What to work on
Ignoring the pictures, copy the data exactly.
[Information given Boundary: Start]
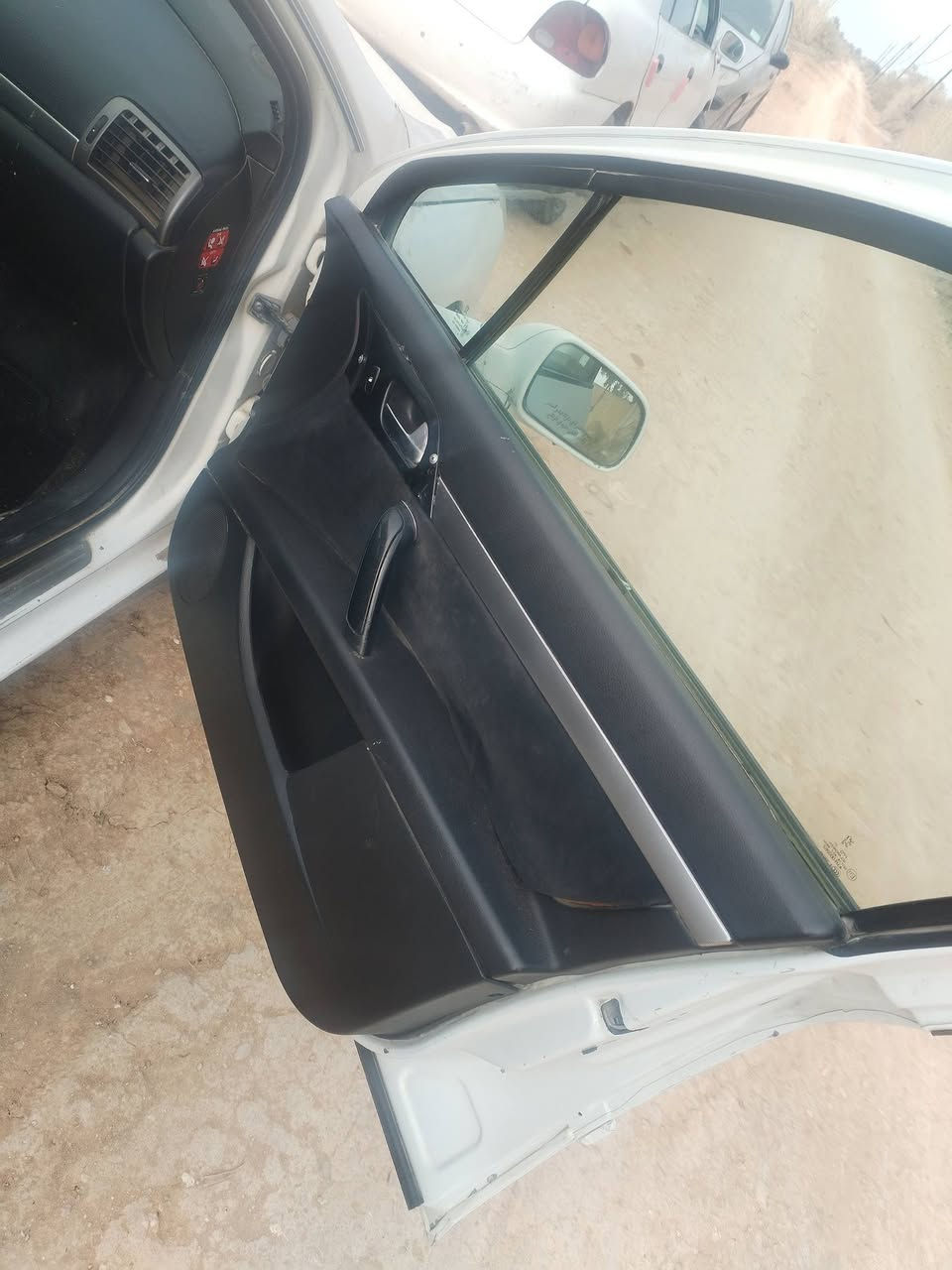 بيجو فرنسي ٤٠٧ مديل ٢٠٠٩ محوره محرك كامري ابو الجف ٢٢٠٠ 
سلام عليكم سياره بيجو فرنسي ٤٠٧ مديل ٢٠٠٩ محوره محرك كامري ابو الجف ٢٢٠٠ سياره جاهزه من كلشي يرادلهه شويه ترتيب خفايف مكانهه كربلاء سياره راعيهه موجود سنويه سقطت قبل اقل من شهر رقم بغداد دواخل نضيفه شاشه لمس كهربائيات يرادلهن شويه نفض سعرهه ٢٦ قفل
***********
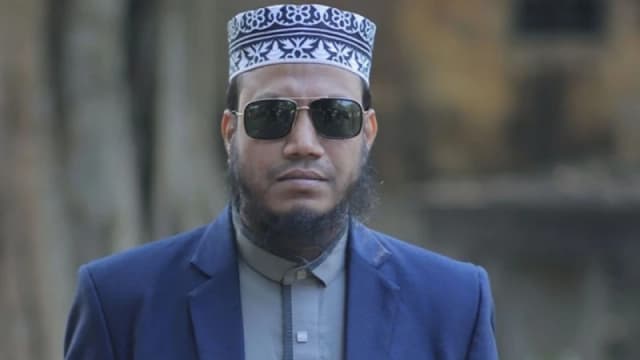 কলেজ পরিদর্শনে গিয়ে অবরুদ্ধ এমপি আমির হামজা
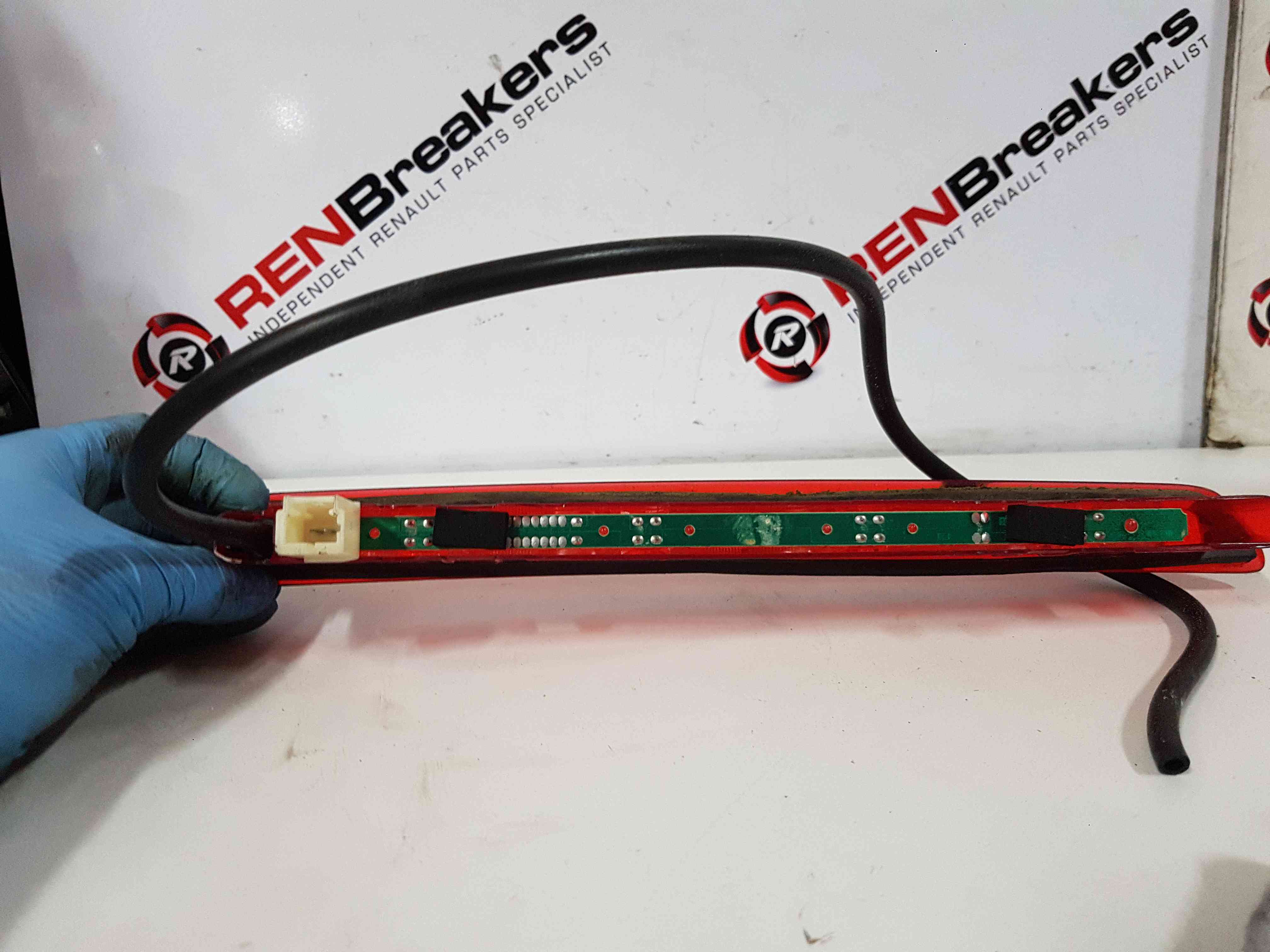 Thumb 10 Nissan Qashqai MK1 2006-2013 Tailgate Boot High Level Brake Light 26590Br00a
[Information given Boundary: End]
Written solution
 بيجو فرنسي ٤٠٧ مديل ٢٠٠٩ محوره محرك كامري ابو الجف ٢٢٠٠ 
سلام عليكم سياره بيجو فرنسي ٤٠٧ مديل ٢٠٠٩ محوره محرك كامري ابو الجف ٢٢٠٠ سياره جاهزه من كلشي يرادلهه شويه ترتيب خفايف مكانهه كربلاء سياره راعيهه موجود سنويه سقطت قبل اقل من شهر رقم بغداد دواخل نضيفه شاشه لمس كهربائيات يرادلهن شويه نفض سعرهه ٢٦ قفل
***********
 কলেজ পরিদর্শনে গিয়ে অবরুদ্ধ এমপি আমির হামজা
 Thumb 10 Nissan Qashqai MK1 2006-2013 Tailgate Boot High Level Brake Light 26590Br00a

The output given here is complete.